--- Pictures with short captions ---
====
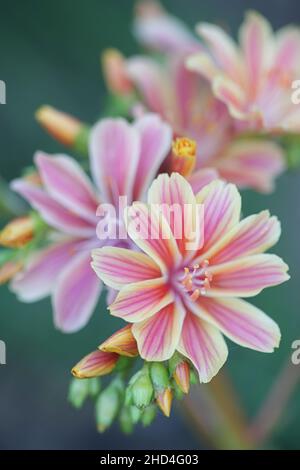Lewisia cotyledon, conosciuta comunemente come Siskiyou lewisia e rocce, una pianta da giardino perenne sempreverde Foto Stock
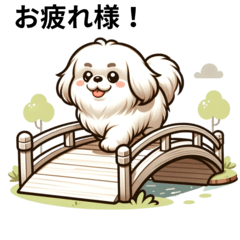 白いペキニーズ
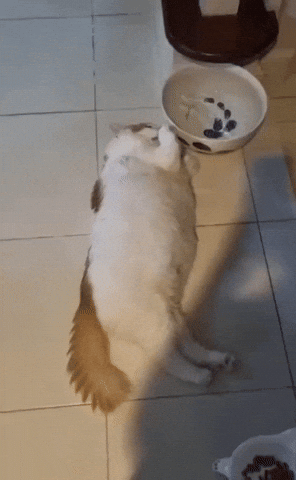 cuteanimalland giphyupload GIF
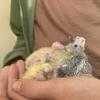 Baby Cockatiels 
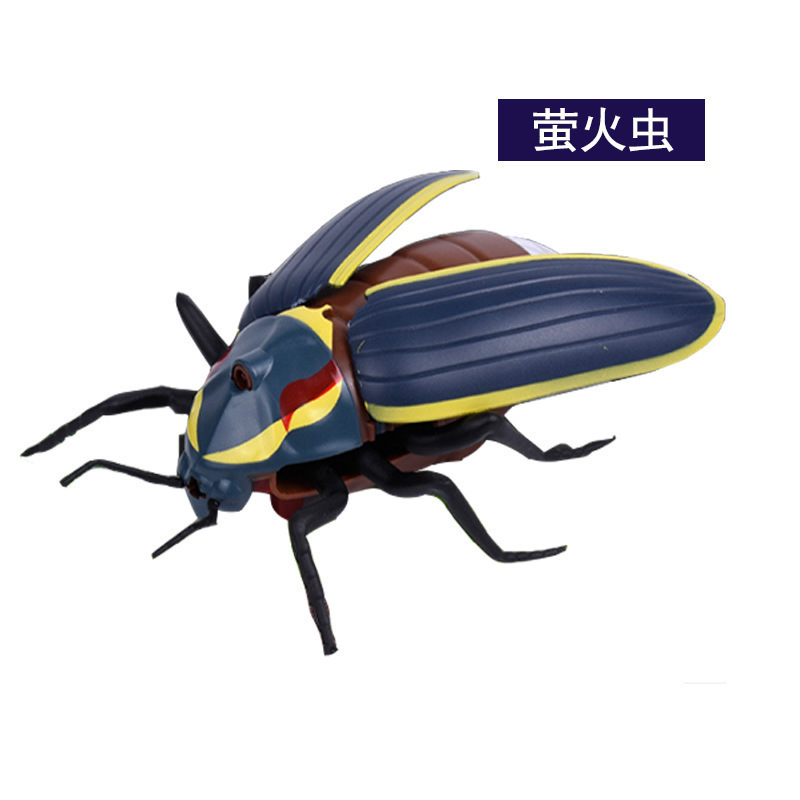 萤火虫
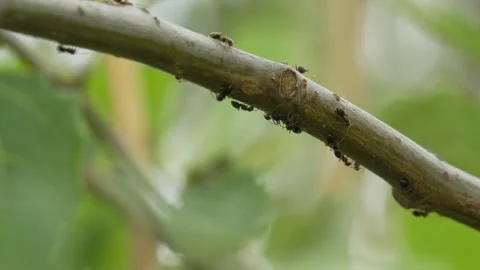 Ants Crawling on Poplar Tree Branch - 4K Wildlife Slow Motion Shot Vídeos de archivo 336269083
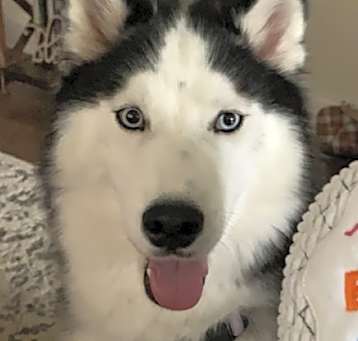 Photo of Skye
====
--- AIM OF THE TASK ---
With pictures left out, repeat exactly the lines from the line bearing "Ants Crawling on" through the final line of the records above.

--- EXERCISE ANSWER ---
 Ants Crawling on Poplar Tree Branch - 4K Wildlife Slow Motion Shot Vídeos de archivo 336269083
 Photo of Skye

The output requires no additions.